TASK GOAL:
Restate all entries exactly.

SOURCE MATERIAL:
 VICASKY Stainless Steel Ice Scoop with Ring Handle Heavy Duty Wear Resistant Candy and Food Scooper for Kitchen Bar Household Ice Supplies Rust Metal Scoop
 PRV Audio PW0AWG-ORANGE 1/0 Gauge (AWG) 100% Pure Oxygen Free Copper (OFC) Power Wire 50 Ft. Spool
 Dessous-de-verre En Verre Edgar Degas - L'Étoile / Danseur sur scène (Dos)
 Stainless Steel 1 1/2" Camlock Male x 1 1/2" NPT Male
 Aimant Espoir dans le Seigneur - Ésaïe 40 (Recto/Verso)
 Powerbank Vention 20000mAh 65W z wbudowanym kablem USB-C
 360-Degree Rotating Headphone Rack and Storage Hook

SOLUTION:
 VICASKY Stainless Steel Ice Scoop with Ring Handle Heavy Duty Wear Resistant Candy and Food Scooper for Kitchen Bar Household Ice Supplies Rust Metal Scoop
 PRV Audio PW0AWG-ORANGE 1/0 Gauge (AWG) 100% Pure Oxygen Free Copper (OFC) Power Wire 50 Ft. Spool
 Dessous-de-verre En Verre Edgar Degas - L'Étoile / Danseur sur scène (Dos)
 Stainless Steel 1 1/2" Camlock Male x 1 1/2" NPT Male
 Aimant Espoir dans le Seigneur - Ésaïe 40 (Recto/Verso)
 Powerbank Vention 20000mAh 65W z wbudowanym kablem USB-C
 360-Degree Rotating Headphone Rack and Storage Hook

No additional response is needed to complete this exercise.